Dataset excerpts:
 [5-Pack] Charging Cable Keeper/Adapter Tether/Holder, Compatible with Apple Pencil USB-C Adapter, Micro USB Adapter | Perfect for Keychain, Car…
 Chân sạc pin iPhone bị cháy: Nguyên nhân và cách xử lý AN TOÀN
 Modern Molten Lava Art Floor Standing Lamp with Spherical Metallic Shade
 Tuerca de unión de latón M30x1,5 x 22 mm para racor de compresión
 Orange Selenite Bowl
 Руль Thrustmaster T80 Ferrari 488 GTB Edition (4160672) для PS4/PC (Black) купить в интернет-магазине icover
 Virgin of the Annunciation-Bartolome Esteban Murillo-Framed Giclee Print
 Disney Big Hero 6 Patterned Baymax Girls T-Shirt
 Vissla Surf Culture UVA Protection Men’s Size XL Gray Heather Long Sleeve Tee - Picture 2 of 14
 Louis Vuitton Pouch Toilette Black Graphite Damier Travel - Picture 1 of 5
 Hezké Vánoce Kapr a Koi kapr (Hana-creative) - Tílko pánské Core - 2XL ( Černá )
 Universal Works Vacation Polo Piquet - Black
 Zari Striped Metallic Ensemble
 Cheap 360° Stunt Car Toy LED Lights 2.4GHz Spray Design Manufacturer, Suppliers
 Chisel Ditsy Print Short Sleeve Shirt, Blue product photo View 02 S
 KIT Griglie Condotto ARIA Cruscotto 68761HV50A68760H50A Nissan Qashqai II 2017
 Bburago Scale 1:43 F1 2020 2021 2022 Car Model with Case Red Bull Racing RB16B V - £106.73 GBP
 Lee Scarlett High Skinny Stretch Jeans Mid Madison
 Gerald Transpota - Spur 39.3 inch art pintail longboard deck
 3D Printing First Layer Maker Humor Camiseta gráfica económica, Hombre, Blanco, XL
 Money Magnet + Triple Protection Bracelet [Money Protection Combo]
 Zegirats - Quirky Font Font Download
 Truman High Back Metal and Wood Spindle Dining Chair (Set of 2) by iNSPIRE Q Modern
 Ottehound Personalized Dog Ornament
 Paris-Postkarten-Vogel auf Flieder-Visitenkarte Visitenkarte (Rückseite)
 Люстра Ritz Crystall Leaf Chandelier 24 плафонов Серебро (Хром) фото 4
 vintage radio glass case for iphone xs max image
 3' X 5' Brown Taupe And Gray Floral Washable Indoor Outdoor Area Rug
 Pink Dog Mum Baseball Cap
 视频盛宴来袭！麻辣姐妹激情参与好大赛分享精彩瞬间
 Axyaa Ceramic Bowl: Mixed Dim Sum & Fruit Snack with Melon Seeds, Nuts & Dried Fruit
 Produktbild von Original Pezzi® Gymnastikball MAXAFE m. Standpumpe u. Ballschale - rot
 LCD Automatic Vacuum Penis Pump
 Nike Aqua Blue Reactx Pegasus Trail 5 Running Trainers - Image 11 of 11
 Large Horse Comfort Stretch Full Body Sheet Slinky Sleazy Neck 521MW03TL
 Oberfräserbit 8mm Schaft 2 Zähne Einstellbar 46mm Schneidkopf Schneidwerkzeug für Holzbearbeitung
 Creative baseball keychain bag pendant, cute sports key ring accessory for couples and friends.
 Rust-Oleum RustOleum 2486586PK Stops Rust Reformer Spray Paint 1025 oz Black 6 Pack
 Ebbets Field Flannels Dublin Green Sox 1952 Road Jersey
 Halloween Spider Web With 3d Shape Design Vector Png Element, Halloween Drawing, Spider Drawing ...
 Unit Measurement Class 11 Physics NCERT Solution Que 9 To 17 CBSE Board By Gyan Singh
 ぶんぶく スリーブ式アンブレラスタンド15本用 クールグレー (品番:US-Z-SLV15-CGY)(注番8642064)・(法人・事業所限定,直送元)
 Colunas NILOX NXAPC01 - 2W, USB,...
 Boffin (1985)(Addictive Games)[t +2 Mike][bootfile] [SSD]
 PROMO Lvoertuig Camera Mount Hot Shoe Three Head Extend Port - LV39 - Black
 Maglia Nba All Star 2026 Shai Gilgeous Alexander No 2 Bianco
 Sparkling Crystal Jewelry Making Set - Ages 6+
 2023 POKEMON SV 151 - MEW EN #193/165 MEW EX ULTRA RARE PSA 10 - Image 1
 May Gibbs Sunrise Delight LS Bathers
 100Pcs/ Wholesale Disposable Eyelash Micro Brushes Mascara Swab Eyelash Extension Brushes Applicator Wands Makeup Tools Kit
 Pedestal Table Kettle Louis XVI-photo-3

• **Prompt**
Using the data above, work out how many lines include the word "Pack" and give only that number.

• **Result**
2